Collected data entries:
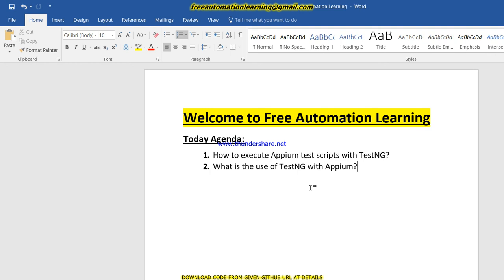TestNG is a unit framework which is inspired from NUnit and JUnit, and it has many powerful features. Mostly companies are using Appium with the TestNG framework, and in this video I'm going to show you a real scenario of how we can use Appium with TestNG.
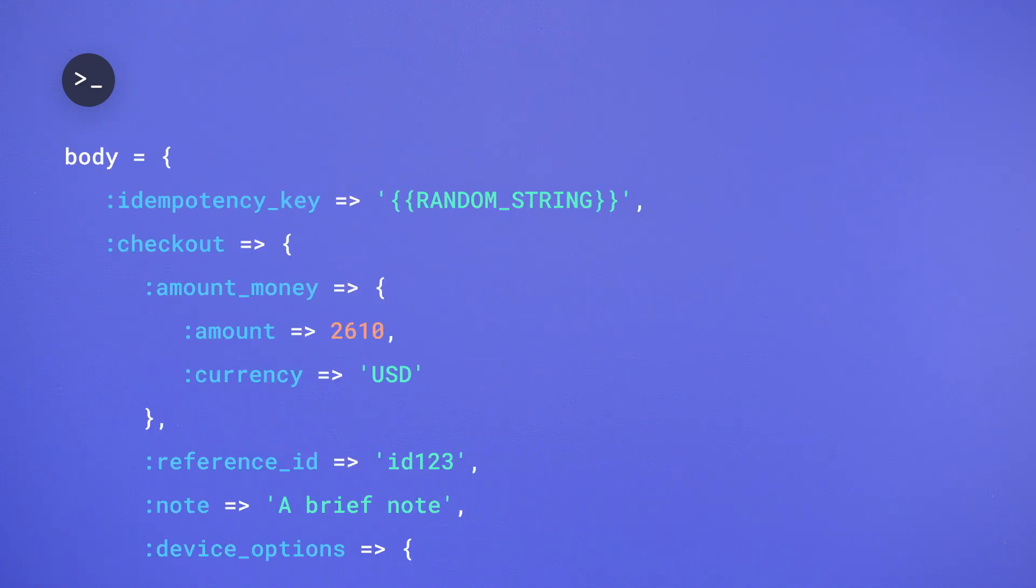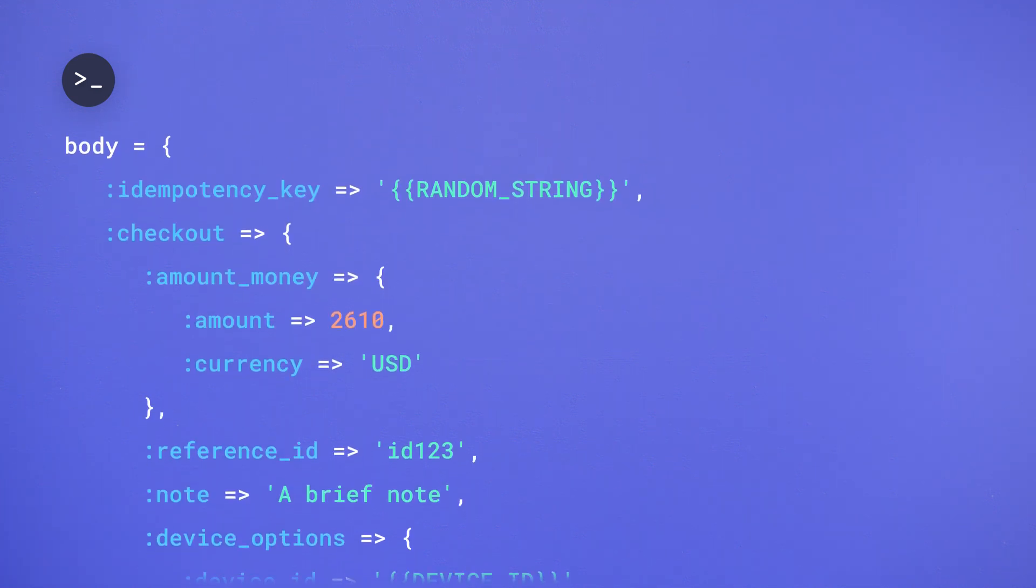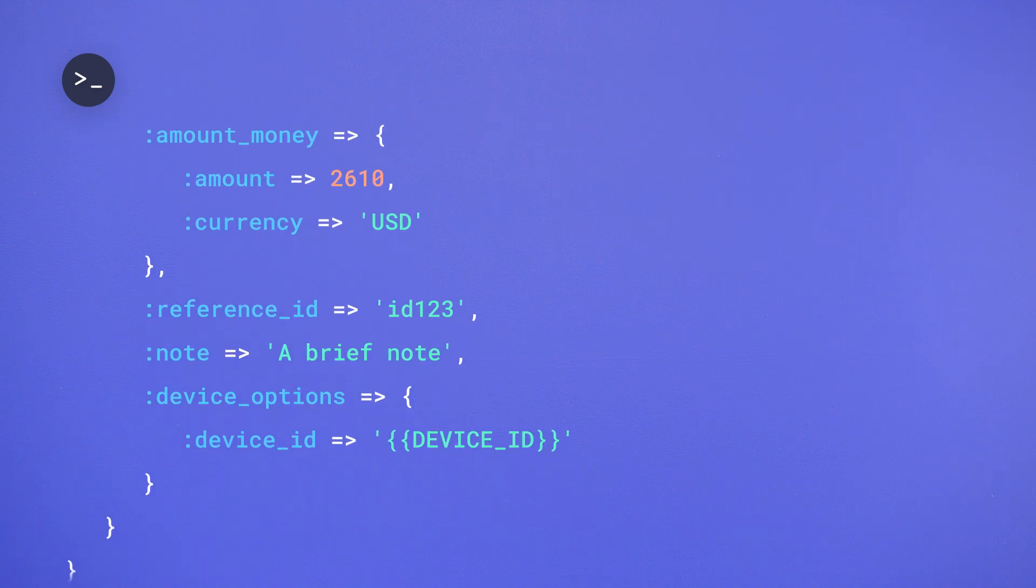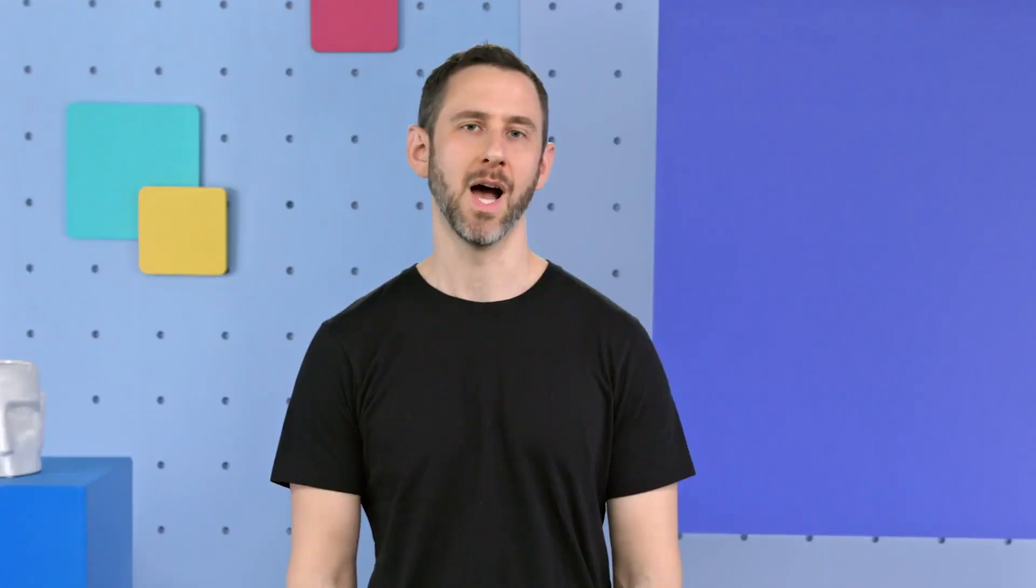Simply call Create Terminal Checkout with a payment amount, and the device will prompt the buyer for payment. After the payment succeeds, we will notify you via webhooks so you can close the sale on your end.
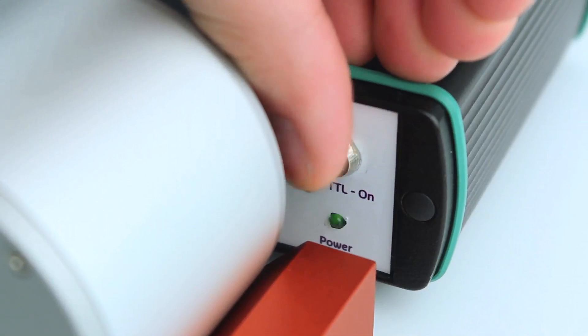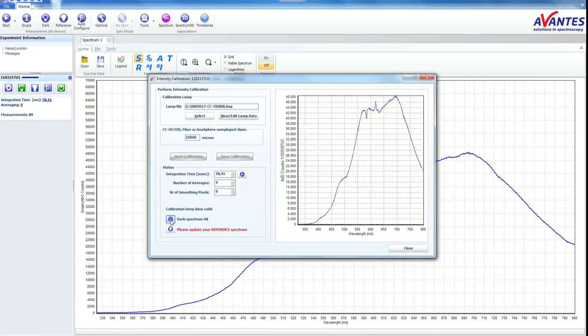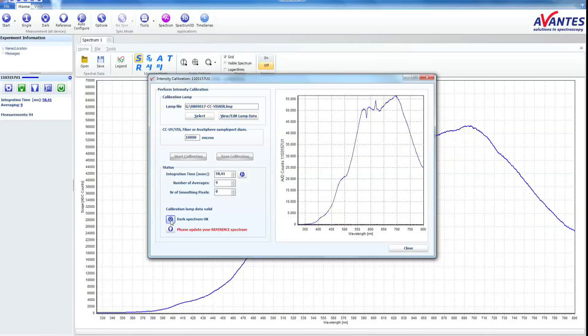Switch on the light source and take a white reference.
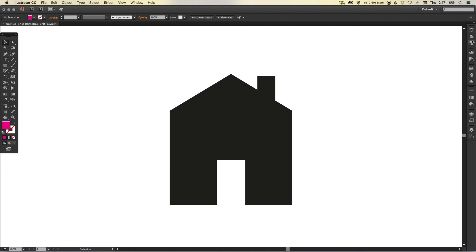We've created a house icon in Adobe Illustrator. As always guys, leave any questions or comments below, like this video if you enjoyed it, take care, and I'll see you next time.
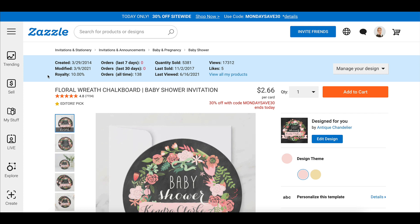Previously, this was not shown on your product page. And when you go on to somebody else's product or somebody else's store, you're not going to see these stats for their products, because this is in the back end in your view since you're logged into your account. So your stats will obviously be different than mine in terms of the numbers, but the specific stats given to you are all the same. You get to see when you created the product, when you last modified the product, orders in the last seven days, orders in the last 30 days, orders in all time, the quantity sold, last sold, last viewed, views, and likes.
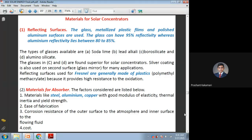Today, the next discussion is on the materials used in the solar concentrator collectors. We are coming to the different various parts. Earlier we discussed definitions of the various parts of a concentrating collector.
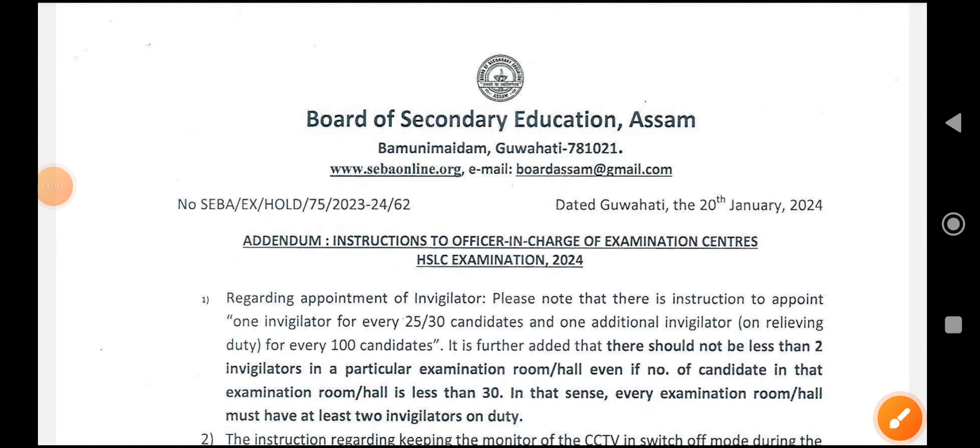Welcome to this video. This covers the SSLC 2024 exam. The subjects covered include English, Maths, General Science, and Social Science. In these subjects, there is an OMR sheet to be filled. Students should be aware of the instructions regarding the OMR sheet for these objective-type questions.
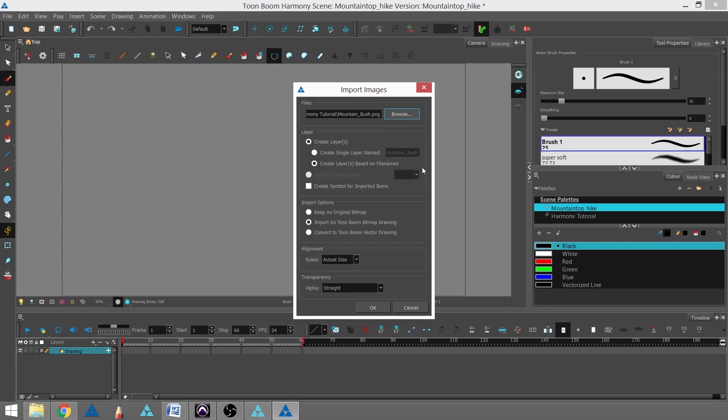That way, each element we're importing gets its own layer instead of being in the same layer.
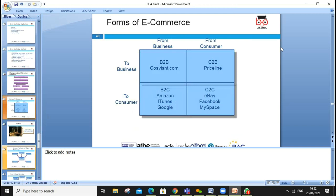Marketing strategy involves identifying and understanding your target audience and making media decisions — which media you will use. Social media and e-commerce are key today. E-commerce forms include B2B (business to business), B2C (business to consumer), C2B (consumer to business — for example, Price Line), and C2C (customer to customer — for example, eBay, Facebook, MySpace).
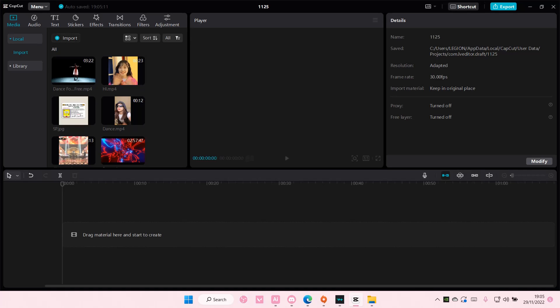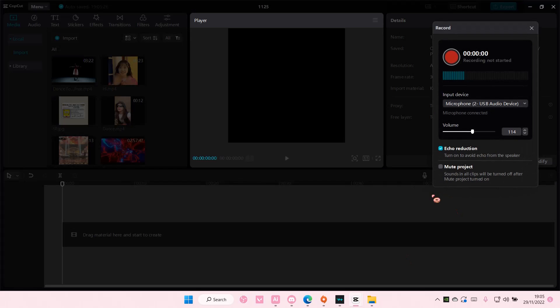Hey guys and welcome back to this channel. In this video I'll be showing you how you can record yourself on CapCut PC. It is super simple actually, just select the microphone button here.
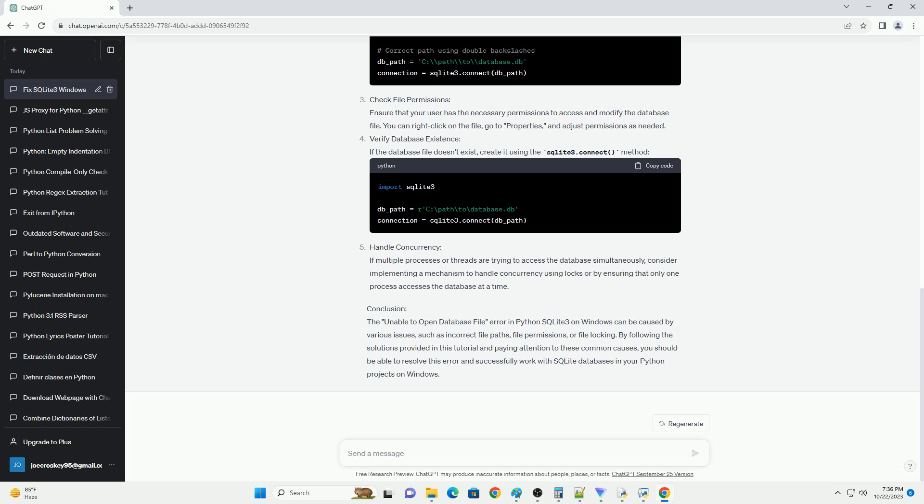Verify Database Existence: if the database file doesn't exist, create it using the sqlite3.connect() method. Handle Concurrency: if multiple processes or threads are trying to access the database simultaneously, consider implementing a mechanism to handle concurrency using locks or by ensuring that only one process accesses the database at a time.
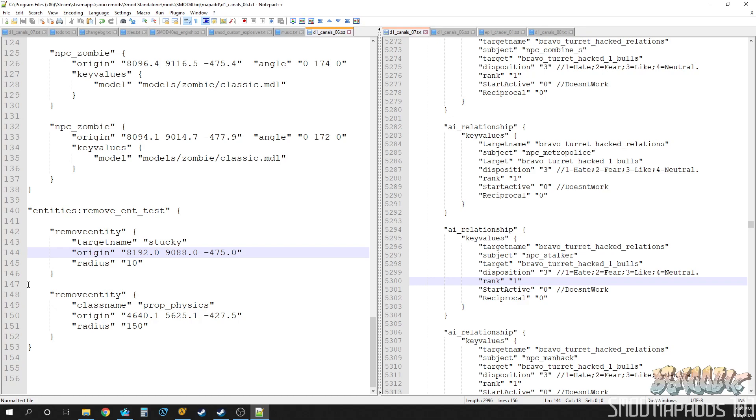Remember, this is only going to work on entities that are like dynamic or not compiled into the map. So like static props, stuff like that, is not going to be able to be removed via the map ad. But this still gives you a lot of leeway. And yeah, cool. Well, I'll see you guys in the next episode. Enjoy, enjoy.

• WHAT YOU WILL DO: All of the entries above should be duplicated exactly, except for the pictures.

• TASK SOLUTION:
TestNG is a unit framework which is inspired from NUnit and JUnit, and it has many powerful features. Mostly companies are using Appium with the TestNG framework, and in this video I'm going to show you a real scenario of how we can use Appium with TestNG.
Simply call Create Terminal Checkout with a payment amount, and the device will prompt the buyer for payment. After the payment succeeds, we will notify you via webhooks so you can close the sale on your end.
Switch on the light source and take a white reference.
We've created a house icon in Adobe Illustrator. As always guys, leave any questions or comments below, like this video if you enjoyed it, take care, and I'll see you next time.
Previously, this was not shown on your product page. And when you go on to somebody else's product or somebody else's store, you're not going to see these stats for their products, because this is in the back end in your view since you're logged into your account. So your stats will obviously be different than mine in terms of the numbers, but the specific stats given to you are all the same. You get to see when you created the product, when you last modified the product, orders in the last seven days, orders in the last 30 days, orders in all time, the quantity sold, last sold, last viewed, views, and likes.
Today, the next discussion is on the materials used in the solar concentrator collectors. We are coming to the different various parts. Earlier we discussed definitions of the various parts of a concentrating collector.
Welcome to this video. This covers the SSLC 2024 exam. The subjects covered include English, Maths, General Science, and Social Science. In these subjects, there is an OMR sheet to be filled. Students should be aware of the instructions regarding the OMR sheet for these objective-type questions.
That way, each element we're importing gets its own layer instead of being in the same layer.
Marketing strategy involves identifying and understanding your target audience and making media decisions — which media you will use. Social media and e-commerce are key today. E-commerce forms include B2B (business to business), B2C (business to consumer), C2B (consumer to business — for example, Price Line), and C2C (customer to customer — for example, eBay, Facebook, MySpace).
Hey guys and welcome back to this channel. In this video I'll be showing you how you can record yourself on CapCut PC. It is super simple actually, just select the microphone button here.
Verify Database Existence: if the database file doesn't exist, create it using the sqlite3.connect() method. Handle Concurrency: if multiple processes or threads are trying to access the database simultaneously, consider implementing a mechanism to handle concurrency using locks or by ensuring that only one process accesses the database at a time.
Remember, this is only going to work on entities that are like dynamic or not compiled into the map. So like static props, stuff like that, is not going to be able to be removed via the map ad. But this still gives you a lot of leeway. And yeah, cool. Well, I'll see you guys in the next episode. Enjoy, enjoy.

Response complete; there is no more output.